■ 「朝日村文化祭」の古本コーナーで入手した4冊の本、『江戸の絵を愉しむ』 榊原 悟/岩波新書を半分くらいまで読み進んだ。
なるほど! こういう仕掛けを江戸の絵師たちは考えていたのか・・・。遊び心というのか、斬新なアイデアにびっくり。
例えば写真の虎の襖絵。襖を開けた状態では虎は両サイドの襖の後ろに隠れている。それが襖を閉めたとたんに巨大な虎が姿を現す。この「演出」は襖の開閉によってはじめて可能になる。見事な演出というほかない。
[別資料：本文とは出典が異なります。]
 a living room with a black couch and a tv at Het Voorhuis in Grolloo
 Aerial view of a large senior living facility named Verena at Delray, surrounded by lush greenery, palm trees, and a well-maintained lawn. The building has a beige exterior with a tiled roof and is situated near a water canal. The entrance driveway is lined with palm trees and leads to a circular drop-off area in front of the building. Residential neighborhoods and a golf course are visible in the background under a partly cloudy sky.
掛幅画(掛軸)の演出。掛緒を掛けて軸を回転させながらするすると下方へ下げていくことで次第にことの状況、全体像が現れてくる、という演出。
その実例として示されている「大仏殿炎上図」。高く立ちのぼる巨大な炎と煙、画を下げていくと、やがて画面最下部に描かれている大仏殿が見えてきて、それが燃えていることが分かるという仕掛け。
本書で初めて知る江戸の絵師たちの演出、仕掛け。なかなかおもしろい本に出合った。いったいどんな人がこの本を提供してくれたのだろう・・・。